■ **DATA SEGMENT**
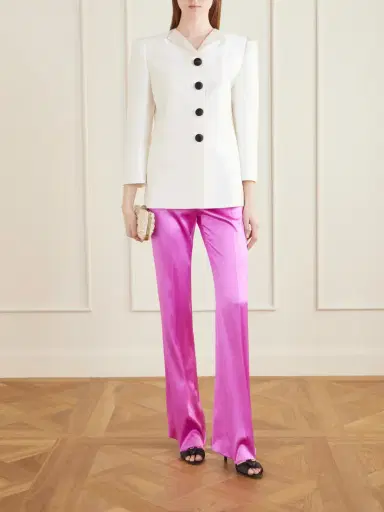 Valentino Garavani Silk-blend Duchesse Straight-leg Pants | Thumbnail 2 Valentino Garavani Silk-blend Duchesse Straight-leg Pants | Thumbnail 2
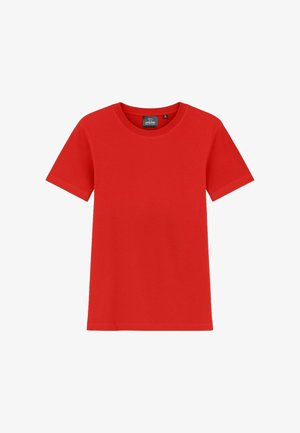 T-shirt rossa di cotone a maniche corte con scollatura rotonda e design a tinta unita, dotata di un'etichetta all'interno del colletto.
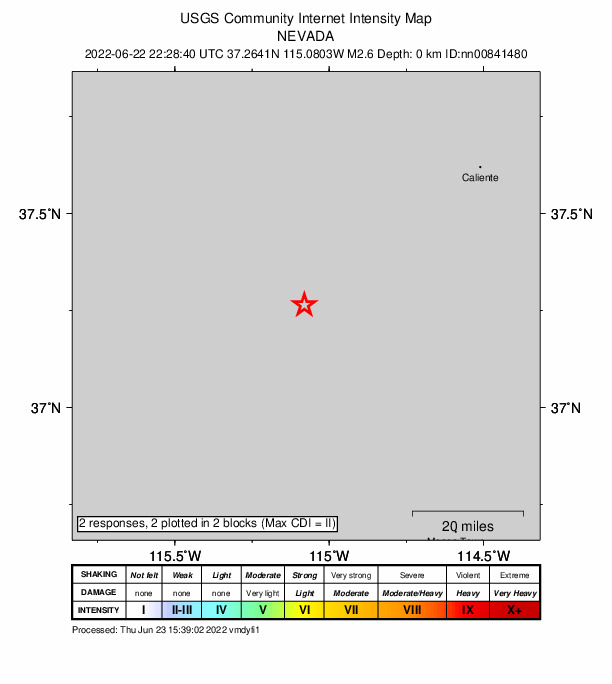 USGS DYFI community-reported intensity map for the M2.6 earthquake near 13 km SSE of Alamo, Nevada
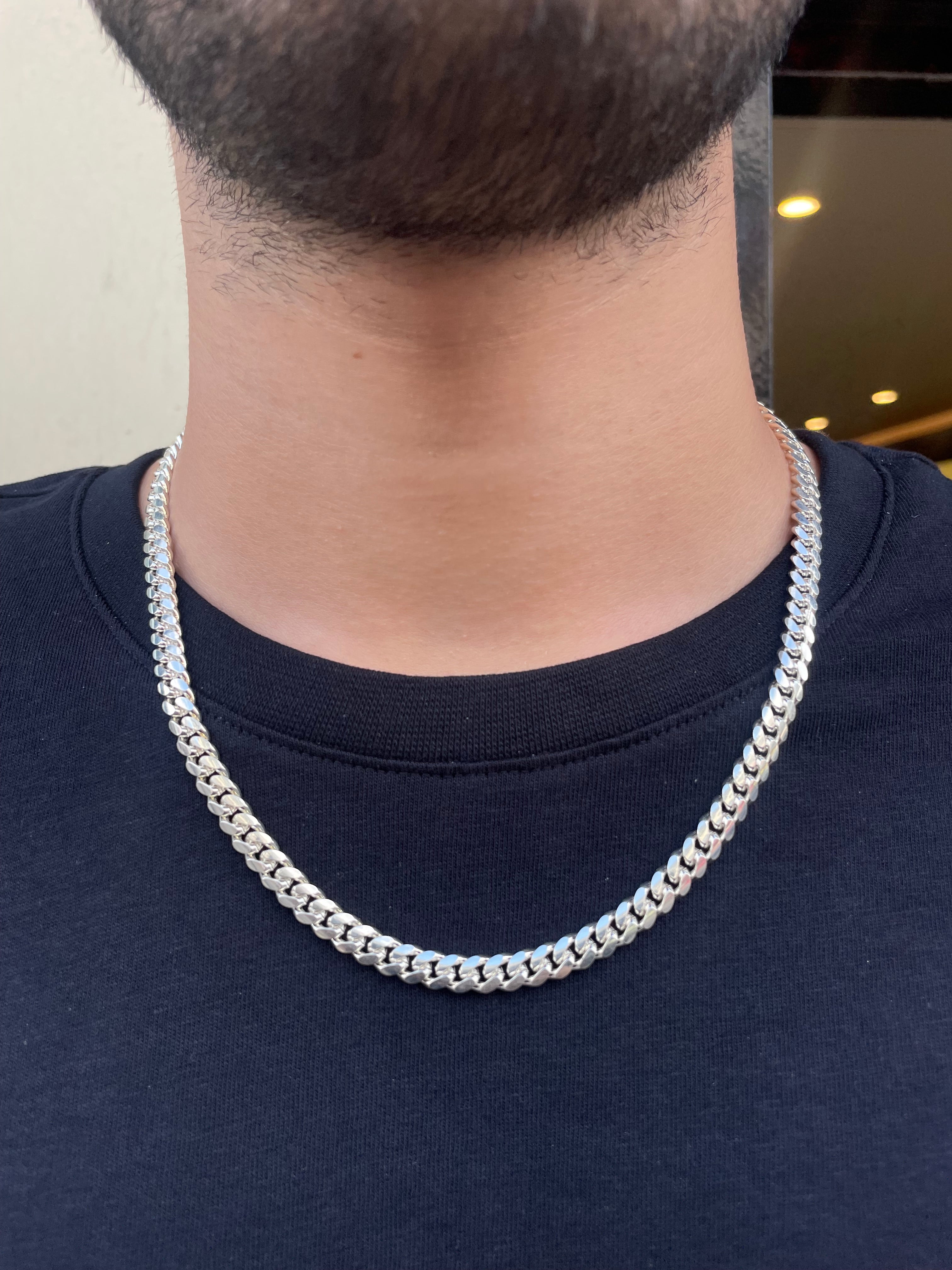 Sterling Silver Mens Large Cuban Chain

■ **WHAT IS BEING ASKED**
From the line containing "T-shirt rossa di" down to the end of the listing above, every line is to be returned exactly, though the pictures are not.

■ **WRITTEN REPLY**
 T-shirt rossa di cotone a maniche corte con scollatura rotonda e design a tinta unita, dotata di un'etichetta all'interno del colletto.
 USGS DYFI community-reported intensity map for the M2.6 earthquake near 13 km SSE of Alamo, Nevada
 Sterling Silver Mens Large Cuban Chain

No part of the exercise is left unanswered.